If I were to write a semi-autobiographical novel like Somerset Maugham always did, I’m sure that I wouldn’t ever get bogged down in the details of whether lasers or transporters exist, not to mention artificial gravity. No, all those questions are really easy to answer. Yes, lasers exist. We use them to point at things on white boards. No, transporters don’t exist, no matter what IBM wants its investors to think. No, artificial gravity does not exist and since NASA is dying a slow death, I doubt there is even a need for it.

I would sooner a writer were vulgar than mincing; for life is vulgar and it is life he seeks.  – W. Somerset Maugham, The Summing Up, 1938

I’m much more likely to write a slow and dragging novel set in the real world where lots of emotional things happen and people talk about their feelings. To me, that sounds like a tear-jerking definition of hell that an English teacher would make me read. That’s has been the block for me. If I truly let myself write the fiction that I’m called to write, I wouldn’t want to read the damn book. Just by the blurb on the back, I would categorize it as “chick book” and toss it aside with the others.

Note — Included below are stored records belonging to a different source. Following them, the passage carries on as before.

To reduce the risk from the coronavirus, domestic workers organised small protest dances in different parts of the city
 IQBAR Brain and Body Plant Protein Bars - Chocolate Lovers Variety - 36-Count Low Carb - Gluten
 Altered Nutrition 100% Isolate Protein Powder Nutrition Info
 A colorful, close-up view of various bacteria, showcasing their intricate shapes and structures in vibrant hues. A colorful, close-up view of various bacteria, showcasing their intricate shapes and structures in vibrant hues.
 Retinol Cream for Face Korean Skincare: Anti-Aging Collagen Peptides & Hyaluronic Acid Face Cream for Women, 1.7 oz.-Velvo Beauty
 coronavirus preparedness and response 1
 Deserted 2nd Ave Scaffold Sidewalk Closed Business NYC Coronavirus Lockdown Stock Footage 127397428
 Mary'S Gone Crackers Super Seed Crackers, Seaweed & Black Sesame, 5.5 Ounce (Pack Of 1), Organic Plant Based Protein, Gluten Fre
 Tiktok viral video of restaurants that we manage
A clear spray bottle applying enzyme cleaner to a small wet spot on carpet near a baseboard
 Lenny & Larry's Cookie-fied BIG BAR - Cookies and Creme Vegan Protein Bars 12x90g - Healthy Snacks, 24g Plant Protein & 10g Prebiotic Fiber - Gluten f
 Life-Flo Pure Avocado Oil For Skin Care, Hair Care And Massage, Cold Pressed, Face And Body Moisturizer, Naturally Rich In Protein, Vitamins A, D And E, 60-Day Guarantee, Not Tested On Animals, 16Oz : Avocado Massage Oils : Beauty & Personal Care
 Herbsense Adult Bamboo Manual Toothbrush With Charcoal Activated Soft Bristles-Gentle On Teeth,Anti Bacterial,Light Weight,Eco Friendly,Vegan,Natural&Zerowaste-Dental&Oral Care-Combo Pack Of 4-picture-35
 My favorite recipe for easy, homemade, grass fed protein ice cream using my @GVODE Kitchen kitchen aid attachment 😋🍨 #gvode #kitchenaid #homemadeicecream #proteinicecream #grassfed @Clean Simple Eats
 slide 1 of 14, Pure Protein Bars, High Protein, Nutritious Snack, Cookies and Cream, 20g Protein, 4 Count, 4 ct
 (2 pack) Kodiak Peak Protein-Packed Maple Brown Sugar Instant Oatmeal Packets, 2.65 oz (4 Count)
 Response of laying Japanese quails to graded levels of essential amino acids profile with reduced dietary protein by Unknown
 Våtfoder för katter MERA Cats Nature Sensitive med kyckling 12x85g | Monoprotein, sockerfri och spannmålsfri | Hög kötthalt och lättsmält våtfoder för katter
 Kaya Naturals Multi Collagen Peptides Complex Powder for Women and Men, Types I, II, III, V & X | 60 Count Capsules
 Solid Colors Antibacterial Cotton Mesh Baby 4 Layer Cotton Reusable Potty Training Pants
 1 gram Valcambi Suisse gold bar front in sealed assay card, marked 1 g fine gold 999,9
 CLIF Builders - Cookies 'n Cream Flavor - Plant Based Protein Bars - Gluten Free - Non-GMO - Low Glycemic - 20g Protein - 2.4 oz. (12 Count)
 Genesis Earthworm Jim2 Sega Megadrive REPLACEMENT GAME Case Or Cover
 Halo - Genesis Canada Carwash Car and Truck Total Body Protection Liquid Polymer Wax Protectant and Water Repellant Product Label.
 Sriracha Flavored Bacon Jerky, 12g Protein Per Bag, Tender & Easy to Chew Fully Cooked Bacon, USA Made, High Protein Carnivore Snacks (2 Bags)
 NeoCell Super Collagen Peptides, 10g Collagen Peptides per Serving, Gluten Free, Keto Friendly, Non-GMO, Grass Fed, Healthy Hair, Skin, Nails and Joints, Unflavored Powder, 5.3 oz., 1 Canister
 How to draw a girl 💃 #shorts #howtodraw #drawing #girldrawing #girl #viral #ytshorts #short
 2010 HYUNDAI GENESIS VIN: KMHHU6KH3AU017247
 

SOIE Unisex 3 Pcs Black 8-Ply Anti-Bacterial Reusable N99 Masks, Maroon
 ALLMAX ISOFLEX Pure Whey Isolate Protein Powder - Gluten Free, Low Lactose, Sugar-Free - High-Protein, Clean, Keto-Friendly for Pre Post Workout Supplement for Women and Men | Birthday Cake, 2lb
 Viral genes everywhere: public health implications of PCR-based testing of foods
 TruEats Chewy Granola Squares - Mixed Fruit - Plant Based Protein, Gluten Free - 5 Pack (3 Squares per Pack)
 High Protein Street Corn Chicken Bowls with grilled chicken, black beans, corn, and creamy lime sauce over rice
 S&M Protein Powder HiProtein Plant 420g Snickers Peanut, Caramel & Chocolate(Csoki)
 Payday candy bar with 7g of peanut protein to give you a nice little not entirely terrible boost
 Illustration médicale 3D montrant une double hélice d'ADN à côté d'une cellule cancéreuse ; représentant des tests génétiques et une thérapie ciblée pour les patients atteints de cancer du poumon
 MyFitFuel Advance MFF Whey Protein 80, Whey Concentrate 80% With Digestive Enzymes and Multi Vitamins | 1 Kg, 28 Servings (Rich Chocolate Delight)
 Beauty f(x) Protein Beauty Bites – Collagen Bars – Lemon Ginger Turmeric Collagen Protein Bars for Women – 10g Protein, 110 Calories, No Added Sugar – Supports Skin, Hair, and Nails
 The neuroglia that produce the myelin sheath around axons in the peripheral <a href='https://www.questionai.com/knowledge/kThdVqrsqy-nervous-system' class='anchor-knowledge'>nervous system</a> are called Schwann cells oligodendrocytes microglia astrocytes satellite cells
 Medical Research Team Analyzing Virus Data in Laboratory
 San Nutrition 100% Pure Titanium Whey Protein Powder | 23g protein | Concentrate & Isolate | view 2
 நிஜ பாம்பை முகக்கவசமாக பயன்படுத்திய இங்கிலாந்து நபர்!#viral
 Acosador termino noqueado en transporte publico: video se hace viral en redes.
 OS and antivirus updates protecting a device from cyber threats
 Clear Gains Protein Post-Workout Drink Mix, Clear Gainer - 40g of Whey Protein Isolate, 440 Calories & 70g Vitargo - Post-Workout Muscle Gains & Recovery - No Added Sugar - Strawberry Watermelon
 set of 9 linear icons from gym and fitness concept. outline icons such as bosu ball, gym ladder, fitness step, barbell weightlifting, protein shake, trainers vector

I do not write as I want to; I write as I can.  – W. Somerset Maugham, The Summing Up, 1938

Maybe that’s not important. Maybe I don’t need to want to read the type of fiction that I am able to write. Maybe it’s ok to actually hate the type of fiction that I am called to write. Maybe it’s even ok to hate the actual stories that I tell. Maybe the important thing is that I tell the stories. So what if they don’t speak to me. I’m the writer, not the audience. The only thing that makes a piece of fiction worthwhile and successful is whether it speaks to people. It makes no difference whether it speaks to the author.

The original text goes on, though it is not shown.